THE DATA section start

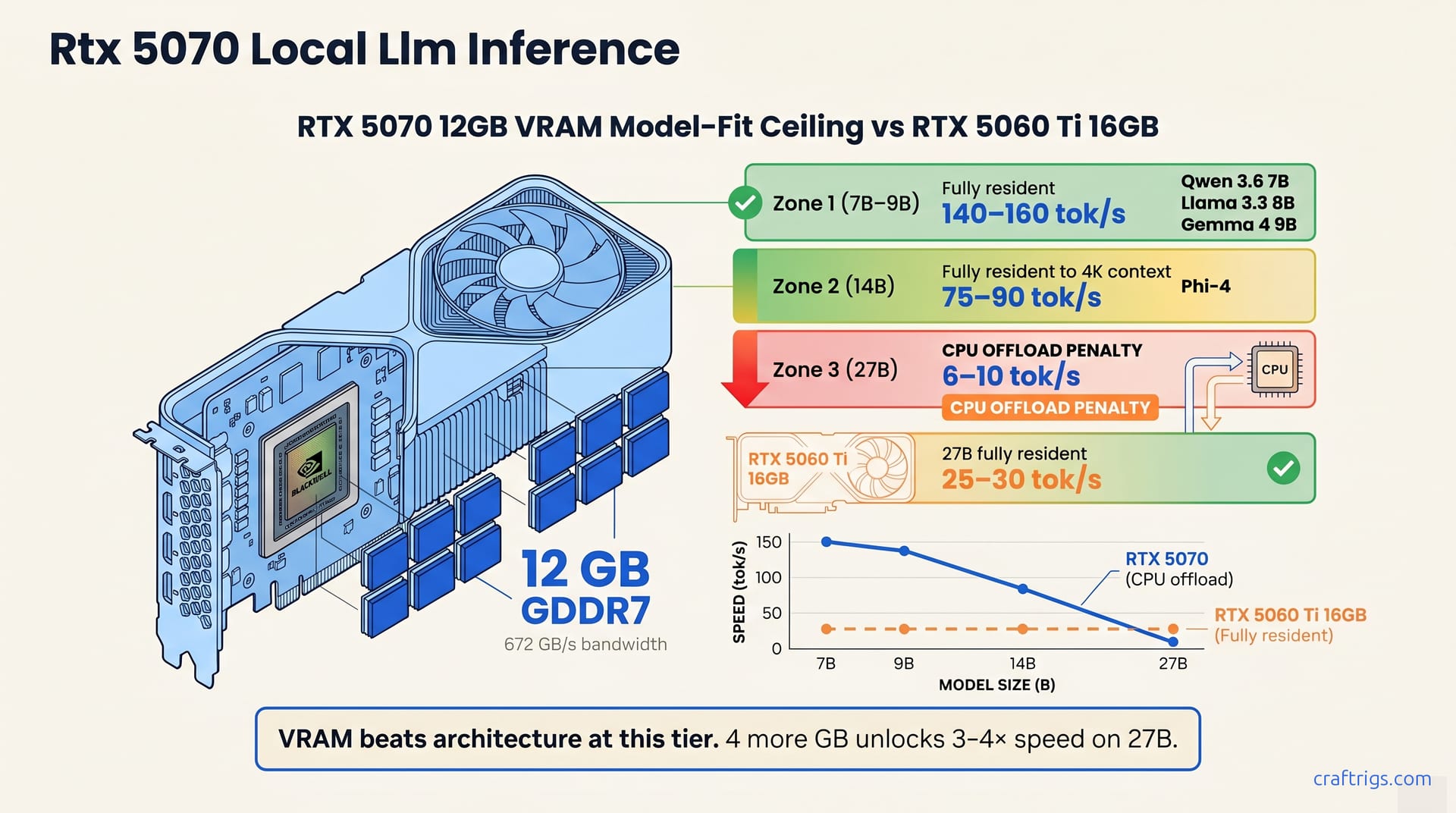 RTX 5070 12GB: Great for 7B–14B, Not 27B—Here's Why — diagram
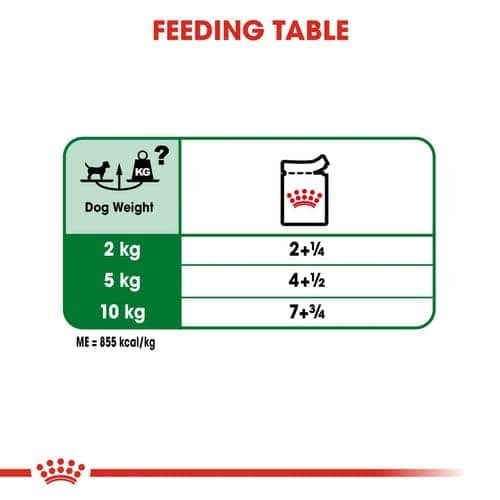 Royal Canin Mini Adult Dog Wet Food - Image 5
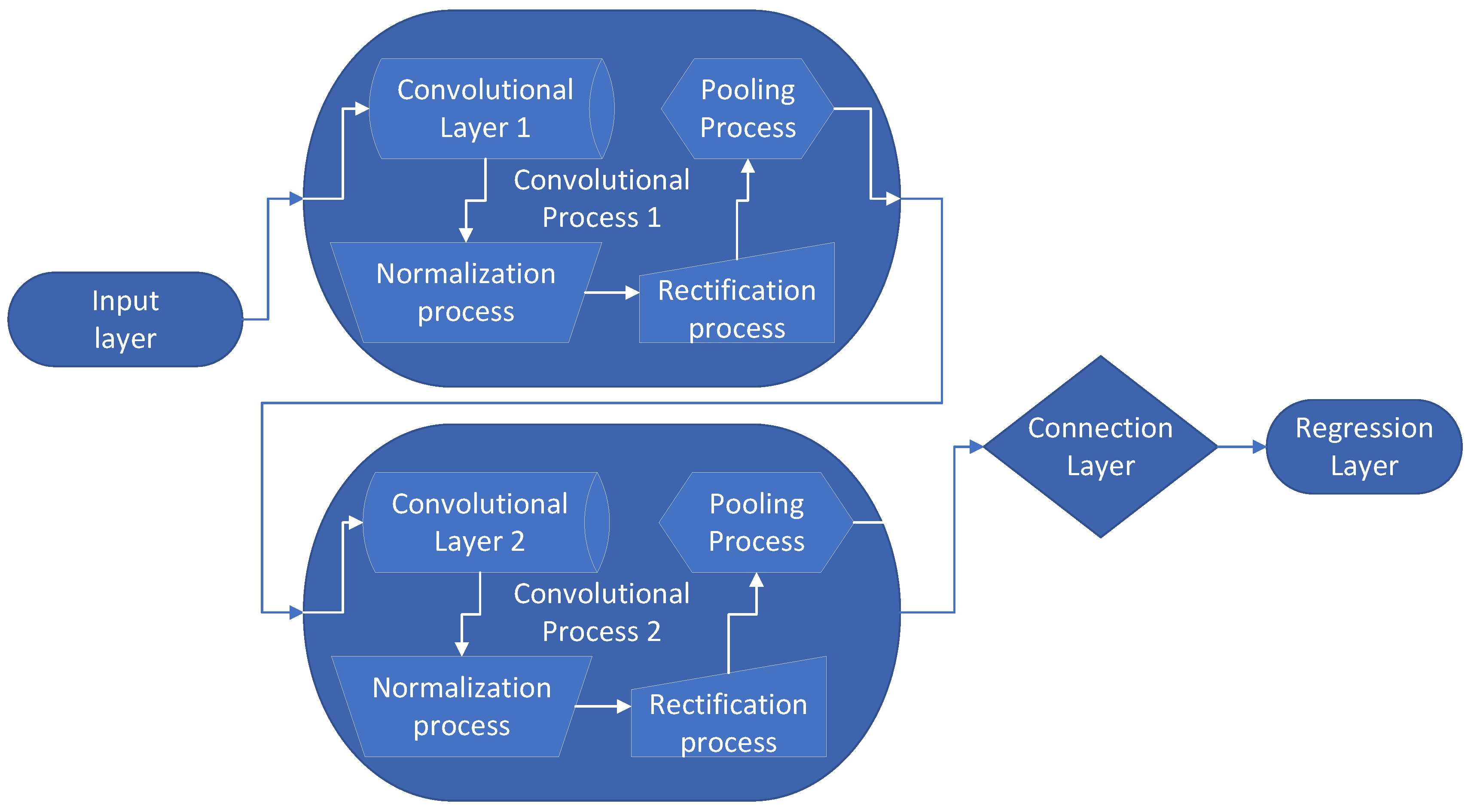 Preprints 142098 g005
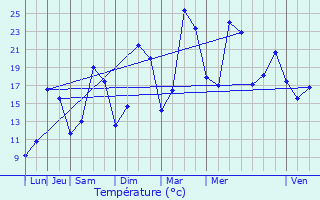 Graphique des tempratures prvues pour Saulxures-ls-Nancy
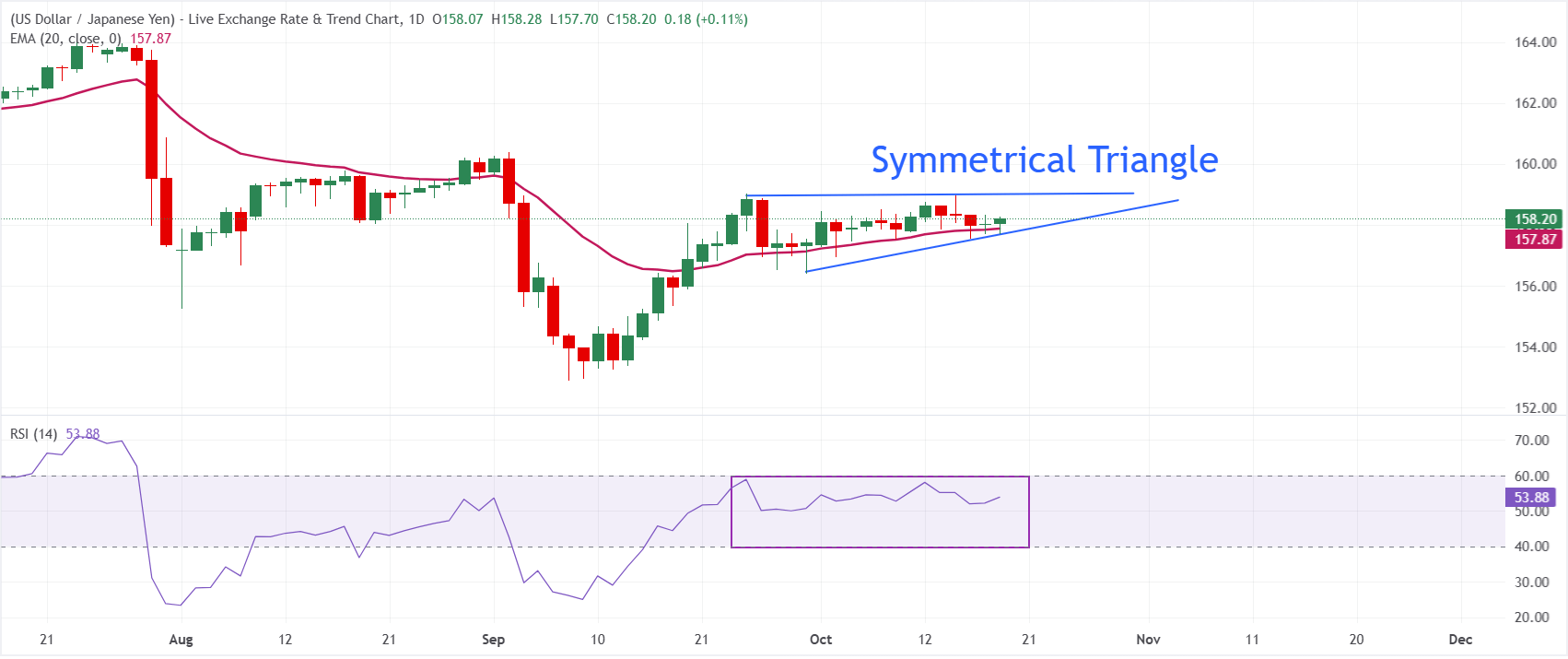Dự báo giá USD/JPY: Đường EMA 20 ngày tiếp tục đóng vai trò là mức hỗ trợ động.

THE DATA section end

§ **PROBLEM STATEMENT**: Could you transcribe exactly the lines from the one with "Preprints 142098 g005" through the end of the data, both ends included, and nothing else, skipping the pictures?

§ **ANSWER BOX**:
 Preprints 142098 g005
 Graphique des tempratures prvues pour Saulxures-ls-Nancy
Dự báo giá USD/JPY: Đường EMA 20 ngày tiếp tục đóng vai trò là mức hỗ trợ động.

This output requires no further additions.